Exercise data:
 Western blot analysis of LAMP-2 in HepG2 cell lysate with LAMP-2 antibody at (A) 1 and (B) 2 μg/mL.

==

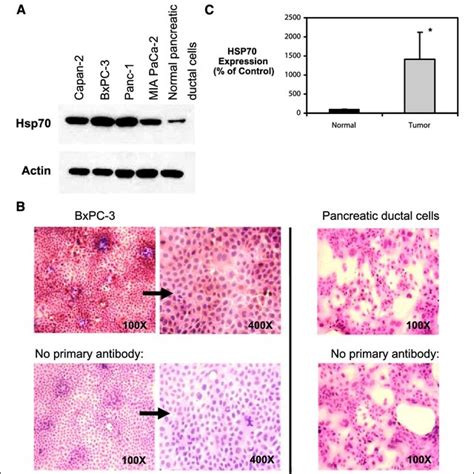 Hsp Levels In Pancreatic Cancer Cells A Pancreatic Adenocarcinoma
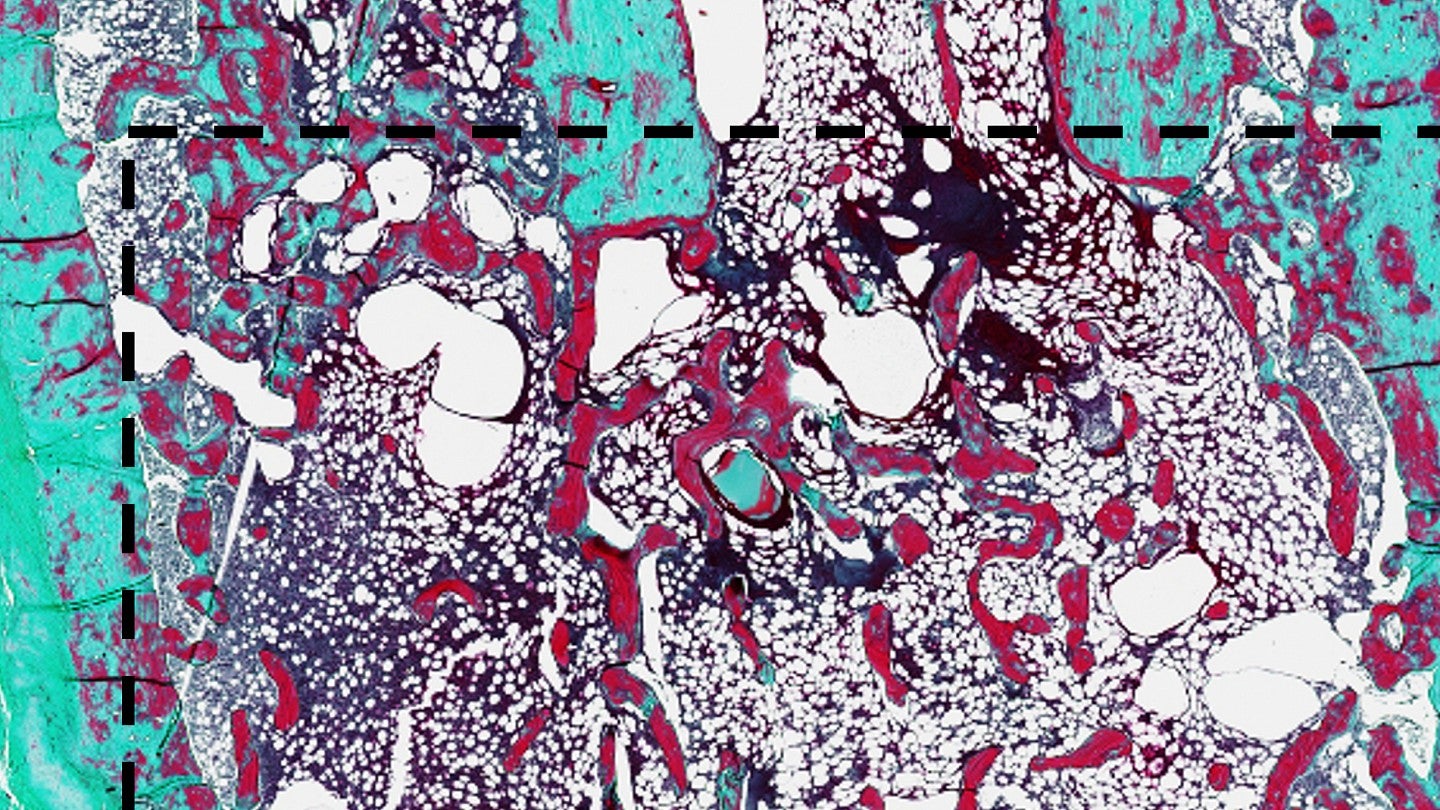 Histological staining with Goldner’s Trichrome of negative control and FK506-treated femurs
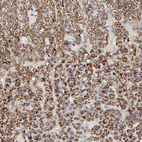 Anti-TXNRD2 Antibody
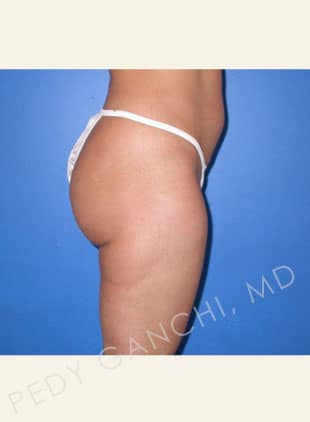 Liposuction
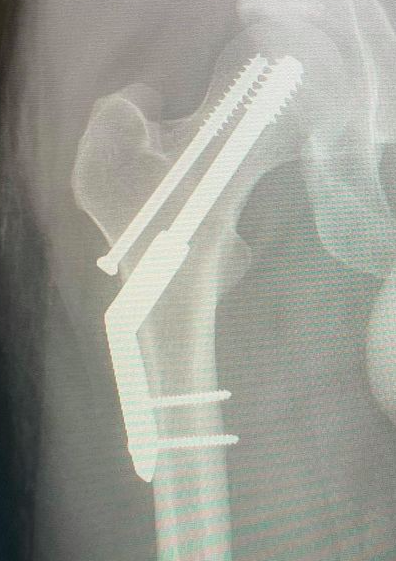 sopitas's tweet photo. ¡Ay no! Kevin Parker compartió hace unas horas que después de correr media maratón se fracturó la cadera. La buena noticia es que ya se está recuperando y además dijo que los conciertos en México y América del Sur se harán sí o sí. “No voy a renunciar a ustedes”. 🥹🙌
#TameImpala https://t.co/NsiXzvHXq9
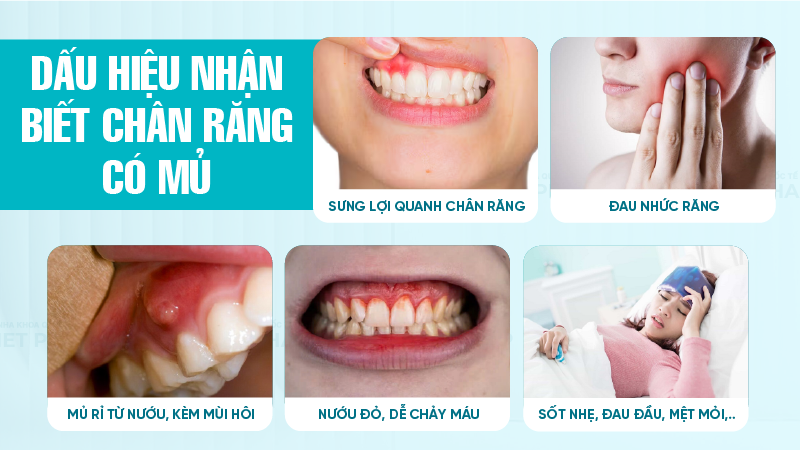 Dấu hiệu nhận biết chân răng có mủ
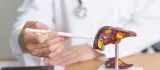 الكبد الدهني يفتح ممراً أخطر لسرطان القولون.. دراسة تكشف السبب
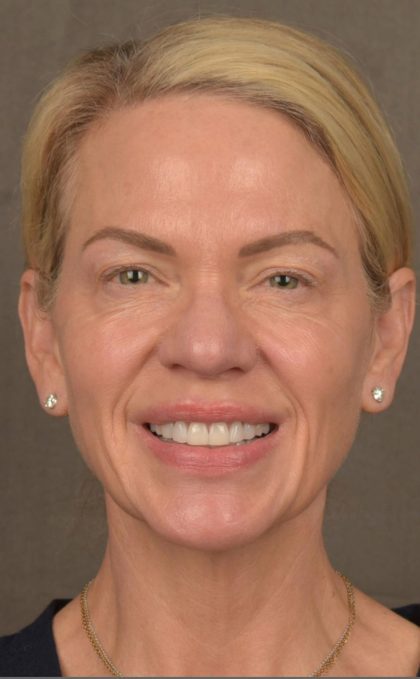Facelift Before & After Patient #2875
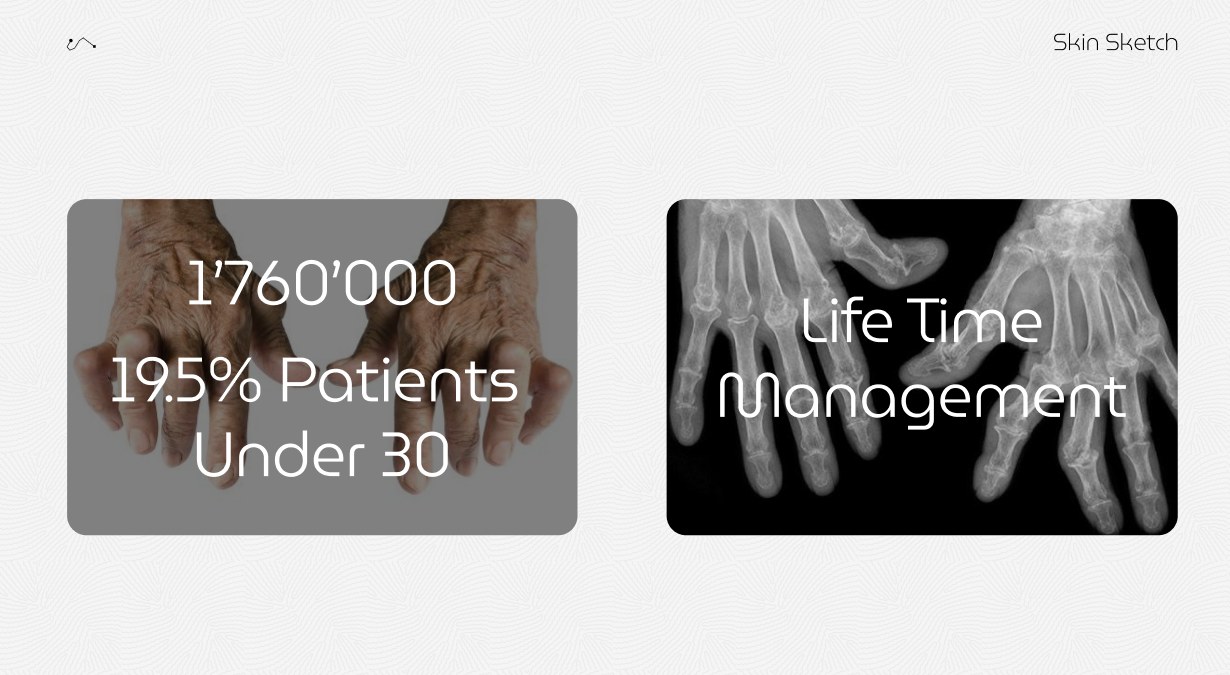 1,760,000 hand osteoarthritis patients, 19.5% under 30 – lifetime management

--

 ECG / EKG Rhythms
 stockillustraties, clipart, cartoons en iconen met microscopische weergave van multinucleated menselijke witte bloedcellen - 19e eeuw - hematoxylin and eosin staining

Problem: Write out word for word the lines above that run from the one with "الكبد الدهني يفتح" to the one with "1,760,000 hand osteoarthritis". Include both end lines; exclude the images.

Result below:
 الكبد الدهني يفتح ممراً أخطر لسرطان القولون.. دراسة تكشف السبب
Facelift Before & After Patient #2875
 1,760,000 hand osteoarthritis patients, 19.5% under 30 – lifetime management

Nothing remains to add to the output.